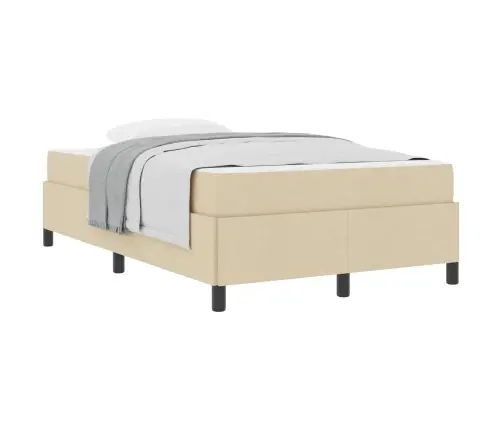 Kastītes Atsperu Gulta Krēmkrāsas Un Melns 120 X 190 Cm Vidaxl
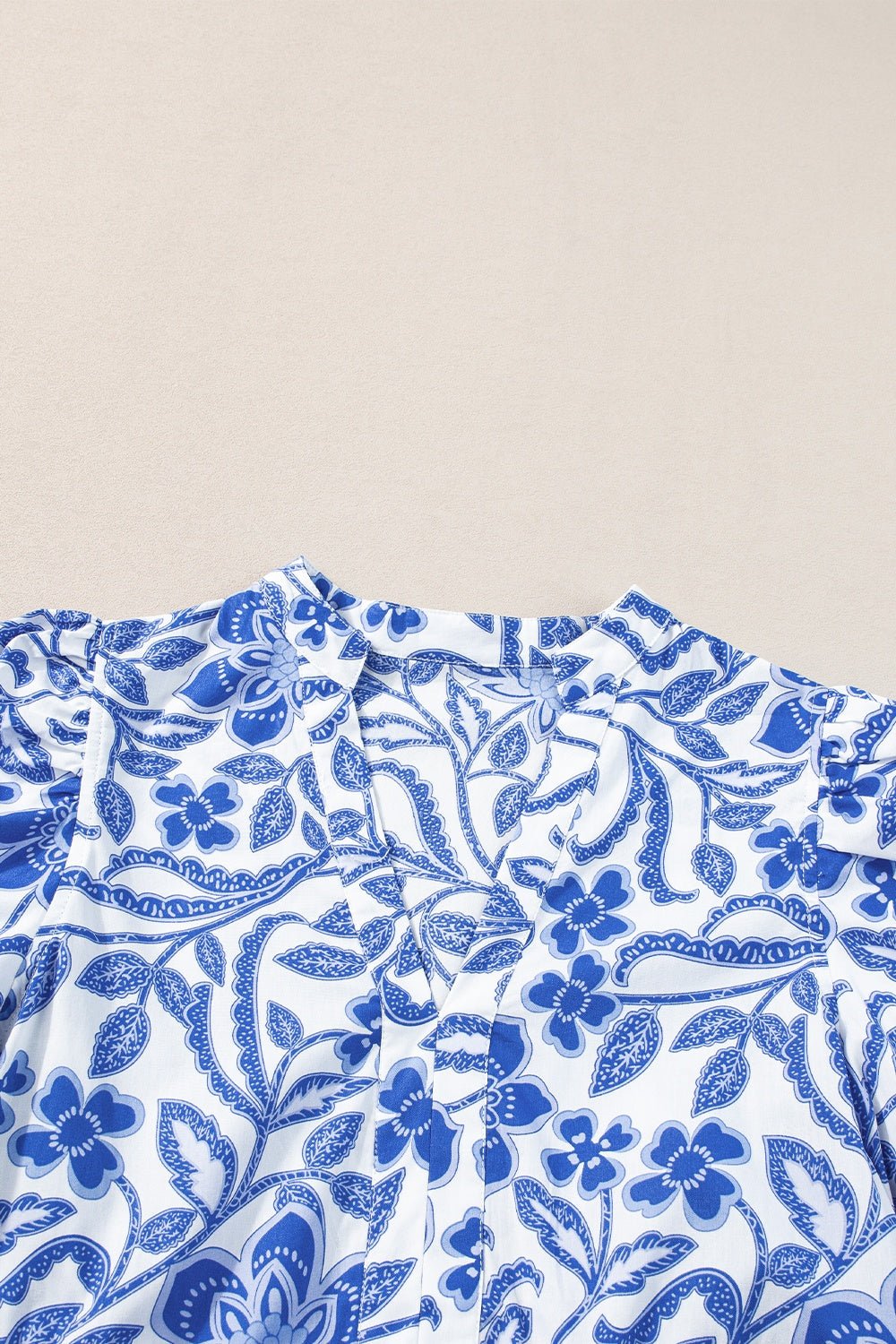 Printed Notched Puff Sleeve Dress - Mervyns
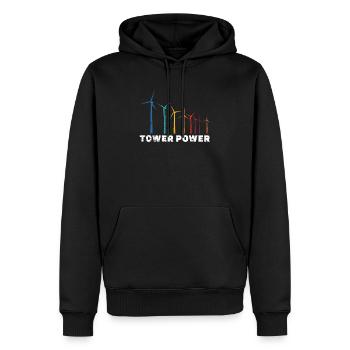 Tower Power Éolien Énergie Renouvelable Moulin à vent - Sweat à capuche Premium bio Homme - noir - Devant - Nico (187cm)
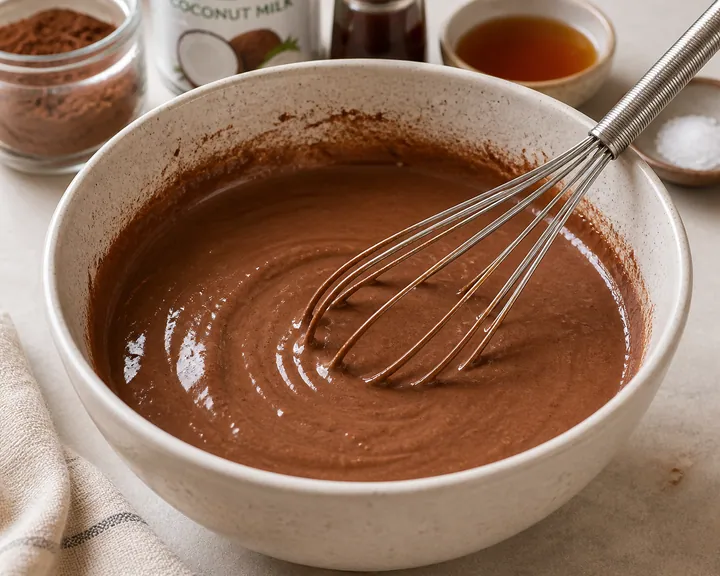 Masa de chocolate suave en un cuenco con batidor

- _WORK REQUIRED_:
The task requires that every line above be transcribed exactly, without the images.

- _TASK SOLUTION_:
 Kastītes Atsperu Gulta Krēmkrāsas Un Melns 120 X 190 Cm Vidaxl
 Printed Notched Puff Sleeve Dress - Mervyns
 Tower Power Éolien Énergie Renouvelable Moulin à vent - Sweat à capuche Premium bio Homme - noir - Devant - Nico (187cm)
 Masa de chocolate suave en un cuenco con batidor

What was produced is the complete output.